# Holmes on Homes



## Bill (Jun 17, 2008)

Mike Holmes is cool. I like to watch this program. My problem is he always razz's all the trades. Since this is a plumbing forum I will stick to the plumbing aspect. I just think that all that BS and razzing about how the plumbers screwed up gives HO's the wrong impression. It would not be so bad if he did not word it quite like he does. Makes us sound like idiots all the time.


----------



## threaderman (Jun 17, 2008)

He knows carpentry .I've seen his plumber do illegal tie-ins so I don't watch the guys show.I watch very few for that reason,I see what in my area is illegal and I start to yell at the TV,it's not worth it.Flippers are the worst,make it look pretty by masking larger problems.Gotta go to church now.


----------



## Kyle (Oct 4, 2008)

there are alot of scabby ass plumbers though. so i believe it. i see guys at work everyday do bad stuff for whatever reason.


----------



## Marlin (Aug 14, 2008)

Kyle said:


> there are alot of scabby ass plumbers though. so i believe it. i see guys at work everyday do bad stuff for whatever reason.


Yup, they are everywhere. We have one at our shop, he knows better but just doesn't care.


----------



## Cal (Jun 17, 2008)

Mike is pretty cool ,,,, but SSSOOO COCKY !! Like he is the 
ONLY one that knows anything !

Cal


----------



## gear junkie (Jun 20, 2008)

The guy is living the dream. Try to do construction where you don't have to deal with the customers wants and budget. He gets a screwed up house and gets to fix it the way he wants to without worrying about anything that the rest of us deal with.


----------



## Mike Jessome (Aug 7, 2008)

I watch it all the time and I laugh at some of the things he does to try to make people look bad, or they didn't do enough he goes on about how code only calls for 2x4 or 2x6 so I'm gonna use 2x8 or 2x10 when home owners watch they don't realise the job was speced for 2x4 or 2x6 and if they actually used they there price would near double. Just realise its TV though so thats why they show all this bad and shoddy work to get viewers you will never see tradesmen that know more or are better then him (which there always is)


----------



## GrumpyPlumber (Jun 12, 2008)

*PRO: He raises the bar for builders & remodelers, enlightens homeowners to expect more.*

*CON: His cocky attitude tends to run off as an industry standard, not good for the image.*

*I don't watch because he's annoying.*


----------



## Redwood (Sep 8, 2008)

I watched it once or, twice then watched his plumber install an all plastic closet flange before they put down the thick tile floor....

Yea do it right!

Spare me....:whistling2:


----------



## I'mYourTourGuide (Jun 23, 2008)

Redwood said:


> I watched it once or, twice then watched his plumber install an all plastic closet flange before they put down the thick tile floor....
> 
> Yea do it right!
> 
> Spare me....:whistling2:


 
Lmao


----------



## Kyle (Oct 4, 2008)

like you said anything to raise the standerds bar though because alot of it is not applied beyond paper


----------



## Scott K (Oct 12, 2008)

threaderman said:


> He knows carpentry .I've seen his plumber do illegal tie-ins so I don't watch the guys show.I watch very few for that reason,I see what in my area is illegal and I start to yell at the TV,it's not worth it.Flippers are the worst,make it look pretty by masking larger problems.Gotta go to church now.

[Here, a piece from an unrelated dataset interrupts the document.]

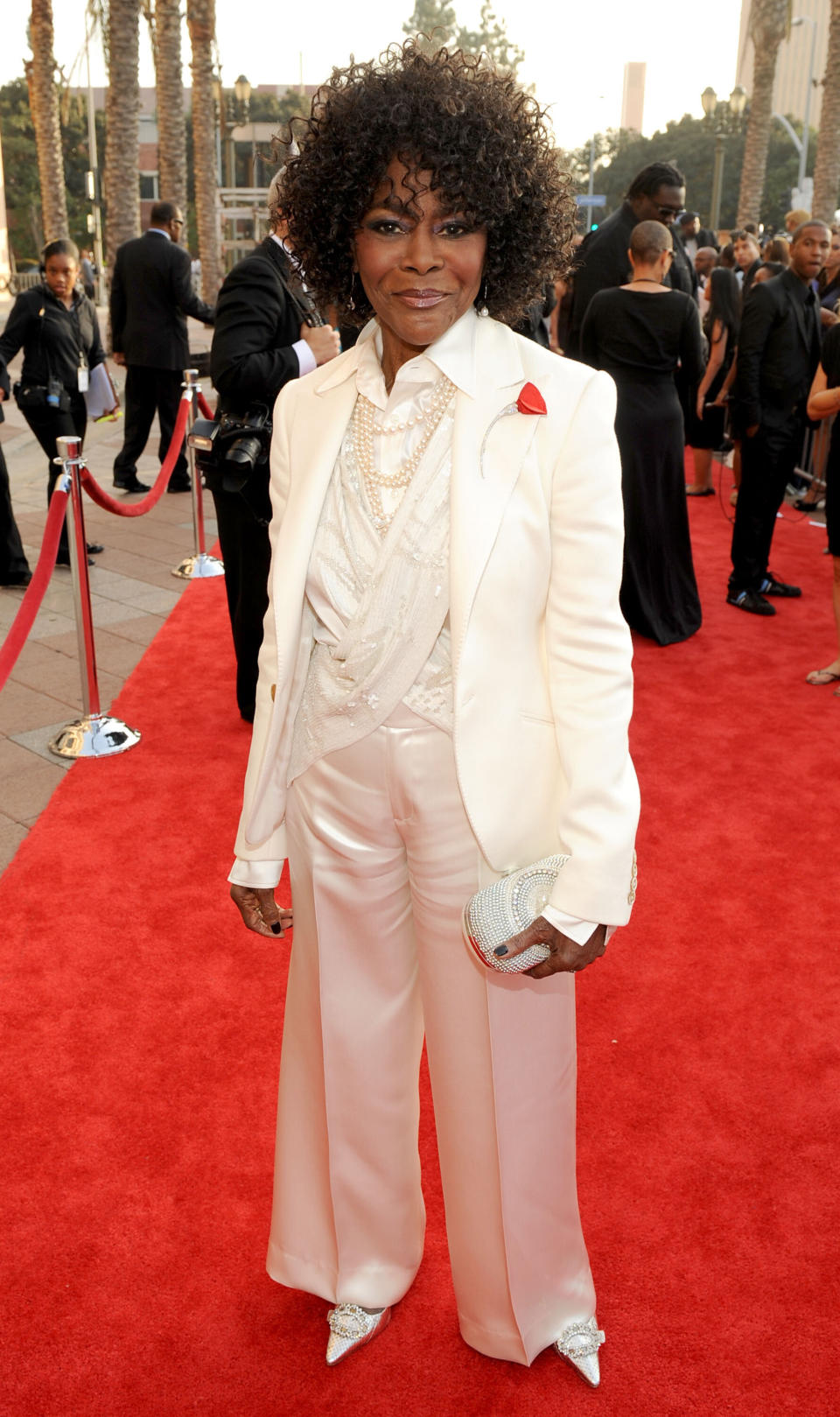 Cicely Tyson at the 42nd NAACP Image Awards in Los Angeles on March 4, 2011. 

Can you tell us some details about these illegal tie in's? I also assume you have explicit knowledge of Canadian/Ontario Plumbing codes?


----------



## Scott K (Oct 12, 2008)

Cal said:


> Mike is pretty cool ,,,, but SSSOOO COCKY !! Like he is the
> ONLY one that knows anything !
> 
> Cal


CAn you give some examples of where he is being CAWKY?

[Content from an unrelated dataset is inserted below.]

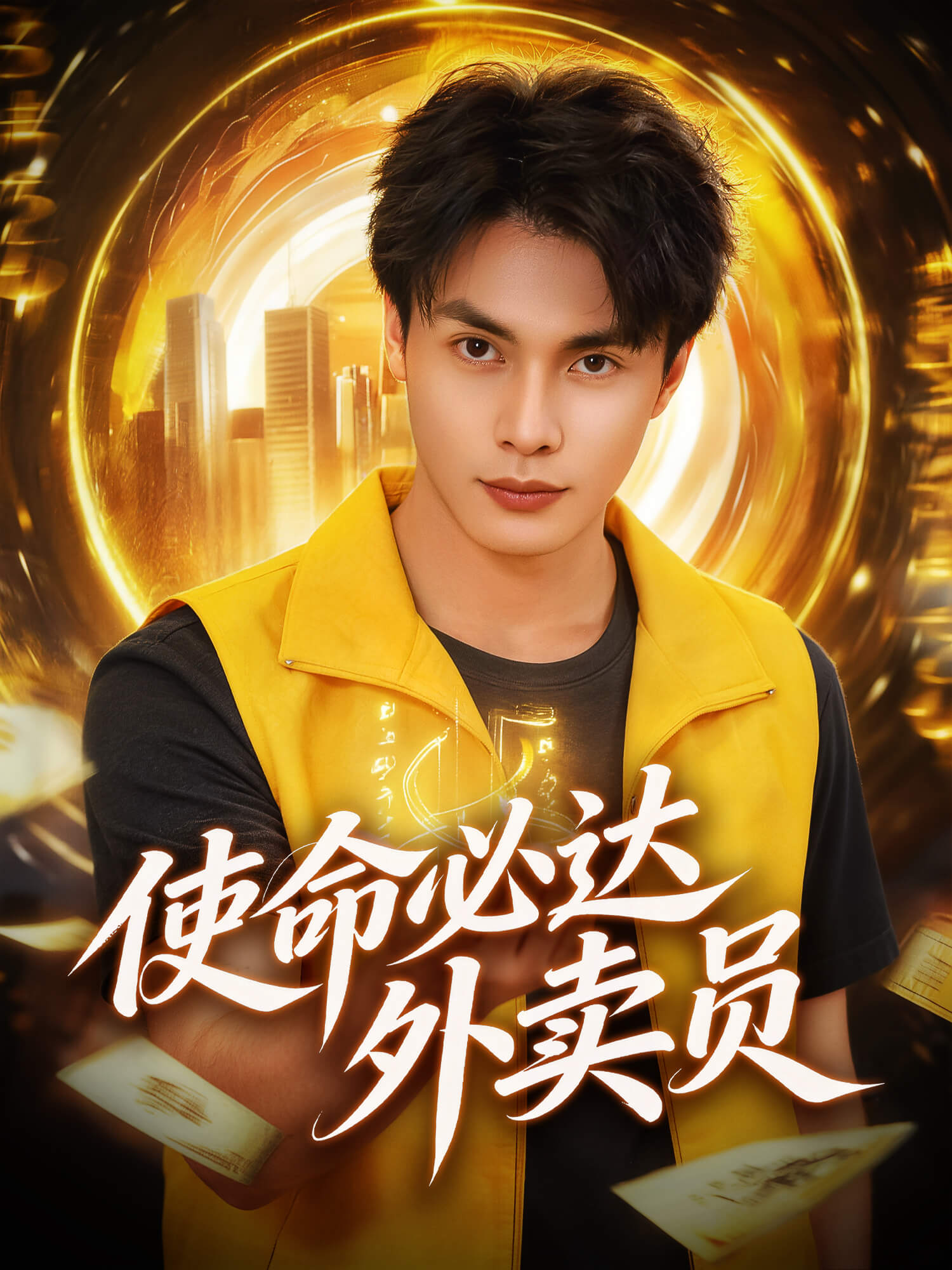 使命必达外卖员 短剧封面与海报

I must say I don't think he's cawky, I think he's confident. If you had 2 contractors providing equal prices and one sounded more confident in his or her work I'm sure we all know which one you would pick. It's especially satisfying that a pro can not only do the work but understands the codes and he understands why they are there and how they came about, and he can break it down and explain it all to you in plain english. 

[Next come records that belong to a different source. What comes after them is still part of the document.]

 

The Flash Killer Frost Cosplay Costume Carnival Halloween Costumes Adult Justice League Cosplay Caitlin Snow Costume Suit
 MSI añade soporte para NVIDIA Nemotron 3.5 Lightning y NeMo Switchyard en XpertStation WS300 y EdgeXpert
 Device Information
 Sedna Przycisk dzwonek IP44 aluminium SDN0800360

I also appreciate his pride in being a professional. I really think that with the advent of the "trades boom" where I live where all these people are trying to cash in on there being a shortage of skilled workers due to the retiring baby boomers, that this is something that is really missing in todays world.


----------



## ILPlumber (Jun 17, 2008)

Scott K said:


> Can you tell us some details about these illegal tie in's? I also assume you have explicit knowledge of Canadian/Ontario Plumbing codes?





Scott K said:


> CAn you give some examples of where he is being CAWKY?
> 
> I must say I don't think he's cawky, I think he's confident. If you had 2 contractors providing equal prices and one sounded more confident in his or her work I'm sure we all know which one you would pick. It's especially satisfying that a pro can not only do the work but understands the codes and he understands why they are there and how they came about, and he can break it down and explain it all to you in plain english.
> 
> I also appreciate his pride in being a professional. I really think that with the advent of the "trades boom" where I live where all these people are trying to cash in on there being a shortage of skilled workers due to the retiring baby boomers, that this is something that is really missing in todays world.


 
Welcome to the board Mr. Holmes:laughing::jester:


----------



## Scott K (Oct 12, 2008)

I wish I could say I was Mr. Holmes because then I wouldn't probably be here. But in all honesty I take his show differently then you guys do. I take the way his show is portrayed as a challenge to learn everything and anything I can in my trade to help myself be more of a professional, and to help convey confidence to the homeowner, who in turn instill their trust in me. Because I think Mike is a pretty knowledgeable guy who I know if I was a home owner and he was on my project I would trust him. 
While the pay is great, I also get a kick out of getting paid to do quality work for people. I always look for ways to improve my installations, make them last longer, be more durable, and overall look great. To know not just where the pipes go but why they are arranged in that fashion. An to be able to understand not just what codes govern me but also why they govern what I'm doing. 

That is why I use resources such as this discussion board - to get better, and learn more. And guys like Mr. Holmes have in a sense created a challenge not just to home owners to do their research, but to other tradesman to try and be the guys these researchers find. To be one of the "good" and not "the bad" or "the ugly." 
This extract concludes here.